Biliyorum, onun ile şimdiye kadar çok mutlu zamanlarınız geçti. Hiç bir
zaman size itiraz etmedi. Çağırdığınız zaman hemen yanınıza gelirdi, aydınlıktı
içi... Sizi içine aldı mı mutlu olurdunuz. Ama artık kendinizi de düşünmek
zorundasınız. Hep onun ile birlikte olarak mutlu olmazsınız. Daha başka
seçenekleri de denemeniz, zorlamanız lazım... Bunu yaptığınız zaman inanın hem
daha sağlıklı olacaksınız hem de daha mutlu bir ömre adım atacaksınız... Nasıl
aldattım onu, diye de düşünmeyin sakın. Nasıl olsa onun ile de başka başka
kişiler her saatte bir araya gelecek, kaçınılmazdır bu...
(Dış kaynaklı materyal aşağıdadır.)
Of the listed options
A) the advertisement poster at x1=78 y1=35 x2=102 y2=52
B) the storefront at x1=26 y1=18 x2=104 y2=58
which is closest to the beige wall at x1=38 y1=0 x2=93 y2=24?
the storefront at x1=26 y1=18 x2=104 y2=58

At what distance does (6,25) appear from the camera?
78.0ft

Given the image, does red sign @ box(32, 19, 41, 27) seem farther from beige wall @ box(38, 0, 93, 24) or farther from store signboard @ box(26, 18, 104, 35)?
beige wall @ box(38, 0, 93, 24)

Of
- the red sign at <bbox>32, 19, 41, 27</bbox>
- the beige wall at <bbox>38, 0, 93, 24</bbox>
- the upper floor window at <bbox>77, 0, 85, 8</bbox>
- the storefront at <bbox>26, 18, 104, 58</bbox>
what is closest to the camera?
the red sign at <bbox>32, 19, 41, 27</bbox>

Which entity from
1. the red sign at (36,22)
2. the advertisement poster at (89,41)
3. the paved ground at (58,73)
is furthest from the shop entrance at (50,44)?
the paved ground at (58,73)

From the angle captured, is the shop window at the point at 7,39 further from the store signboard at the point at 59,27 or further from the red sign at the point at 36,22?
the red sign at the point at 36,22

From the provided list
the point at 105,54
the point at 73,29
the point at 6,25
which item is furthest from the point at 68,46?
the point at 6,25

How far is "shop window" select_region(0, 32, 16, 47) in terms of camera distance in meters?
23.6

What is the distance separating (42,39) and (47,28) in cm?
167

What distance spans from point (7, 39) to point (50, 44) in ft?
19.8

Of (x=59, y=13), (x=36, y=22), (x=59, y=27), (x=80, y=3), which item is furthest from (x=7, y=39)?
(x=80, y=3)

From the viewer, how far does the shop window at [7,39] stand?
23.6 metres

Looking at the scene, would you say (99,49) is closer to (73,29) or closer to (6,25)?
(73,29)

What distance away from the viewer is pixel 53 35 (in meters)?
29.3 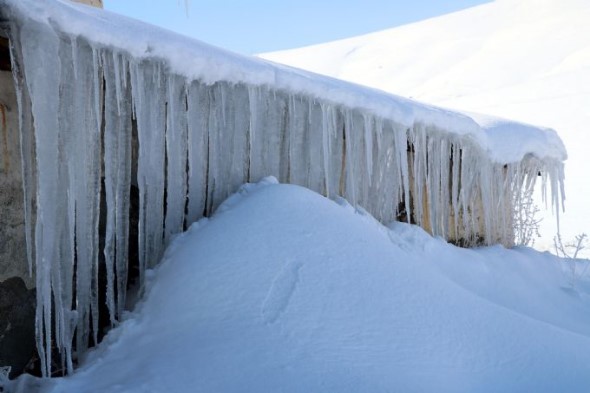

Bırakın artık, şu çok katlı apartmanlarda oturanlar asansöre binmeyi, boşayın
gitsin şu asansörü. Çok kolay ''Asansör boş ol.'' deyin yeter. Ondan sonrada
kaçıncı katta oturuyorsanız oturun; ister yirminci kat, isterse beşinci kat,
tabana kuvvet, hadi çıkmaya başlayın bakalım birer birer merdivenleri de ense
tıraşınızı görelim... Hem merak etmeyin, sizin gibi asansörü boşayıp da
merdivenden inip çıkan başka komşularınızda vardır illa ki... Onlar ile de
sohbet edersiniz bol bol inip çıkarken merdivenleri değil mi? Ne güzel olur hem
de?
Asansör de bozulur mu ondan vazgeçmenize? Hiç zannetmiyorum; hem bozulursa da
bozulsun, sağlığınız mı daha önemli yoksa asansörün size bozulması mı? Canım
hem siz binmiyor iseniz bile bir sürü inip binen var, o da onlar ile idare
etsin...
Birinci, ikinci kat gibi alçak katlarda oturuyorsanız sizin inip çıkmanızın
size pek de faydası olmayabilir mesafe kısa olduğu için, o zaman da gözünüze
bir yüksek kat kestirin, onuncu ya da on beşinci kat gibi, oraya kadar çıkın,
sonrada aşağıya inin yavaş yavaş. Nasıl ama bende ki akıllarda... Millet aklını
kiraya veriyor, fikirlerini satıyor, bende para pul bile istemiyorum yahu amme
hizmeti benimkisi, maksat muhabbet olsun...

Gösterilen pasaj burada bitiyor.